Как-то днем (пошел девятый месяц моего пребывания в Госпитале Богоматери), когда мы направлялись в операционную, помощник шерифа передал Дипаку Джесудассу какие-то бумаги. Доктор принял их, не проронив ни слова, и нас поглотила работа. Далеко за полночь на перекуре в раздевалке Дипак улыбнулся мне и произнес:

– Будь на твоем месте кто-нибудь другой, он бы давно спросил меня, что это за документы.

– Если они меня касаются, ты сам мне скажешь, – ответил я.

Когда я впервые встретил Дипака, ему исполнилось тридцать семь. У него было моложавое лицо и плечи подростка, что контрастировало с мешками под глазами и пробивающейся сединой. Увидев нашу компанию в кафе, вы бы наверняка приняли за главного врача-резидента импозантного Би-Си Ганди, а не неприметного Дипака. Но когда я вспоминаю свою стажировку, то понимаю, скольким обязан этому невысокому смуглокожему скромному человеку.
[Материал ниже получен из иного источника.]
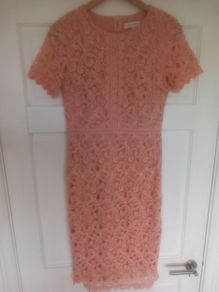 Pink lace effect dress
В операционной Дипак был терпелив, энергичен, изобретателен, скрупулезен и решителен – как и подобает настоящему мастеру.
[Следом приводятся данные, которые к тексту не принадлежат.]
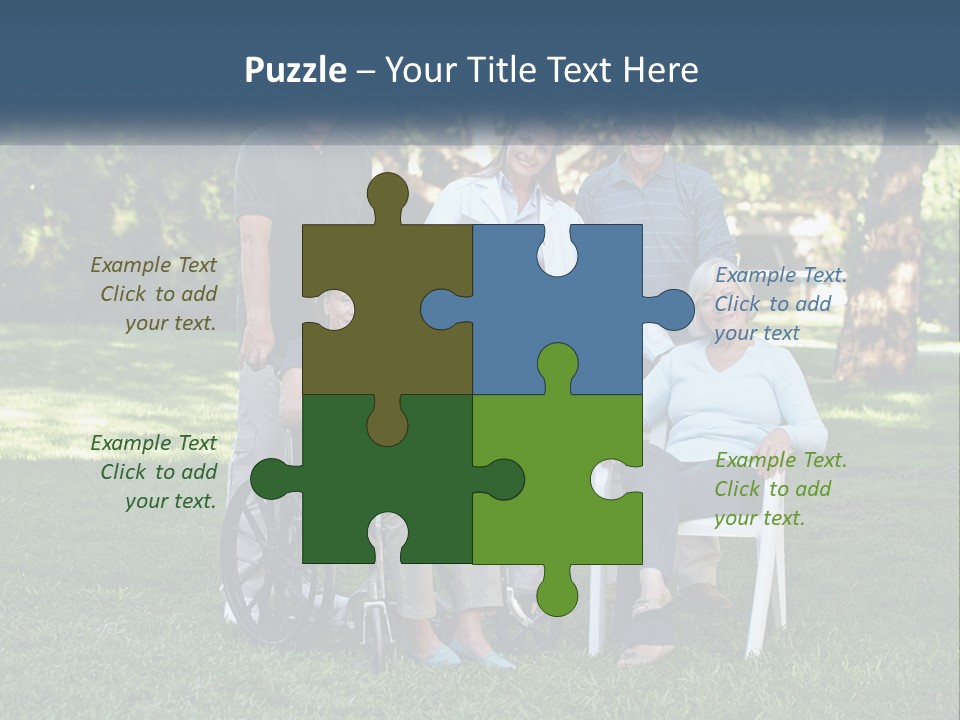 A Group Of People In A Park With A Wheel Chair PowerPoint Template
«Не возись с иглодержателем»; «Самодисциплина в отношении рук, Мэрион. Не мельтеши. Каждому движению – свое время».

Когда я учился держать руки так, чтобы с равным усилием тянуть за оба конца узла, возникла новая проблема:

– Не расставляй локти, а то улетишь.

Работая с ним, я больше узлов развязал, чем завязал. Приходилось выдергивать целые швы и начинать сызнова, чтобы он остался доволен. Я стал по-новому подходить к освещенности и выделению нужных участков.

– Работу в потемках оставим кротам. Мы – хирурги. Его рекомендации были порой парадоксальны:

– Когда ты за рулем, смотри, куда едешь, а когда делаешь разрез, смотри, где только что был.

Дипак был с юга Индии, из Майсора. В ту ночь в раздевалке он поведал мне о том, о чем, наверное, не рассказывал никому в больнице. Когда он закончил медицинский институт, родители быстренько организовали ему женитьбу на рожденной в Британии индийской девушке, проживающей в Бирмингеме. Сама невеста не торопилась замуж, да папа с мамой настояли, им не нравилась окружавшая дочку толпа. Она прилетела вместе с родителями за несколько дней до свадьбы, а на следующий день улетела обратно, поскольку ее ждали занятия в колледже. Чтобы получить визу и присоединиться домой к жене, Дипаку потребовалось шесть месяцев. Тут оказалось, что стоит ему открыть рот, как она приходит в неописуемое смущение, будь то на публике или в узком кругу. Он провел с женой несколько недель и отправился интерном в Шотландию. Через год его повысили до ординатора, потом до старшего ординатора. Он сдал сложный экзамен на члена Королевского колледжа хирургов и получил право на волшебную аббревиатуру F. R. C. S. после своей фамилии.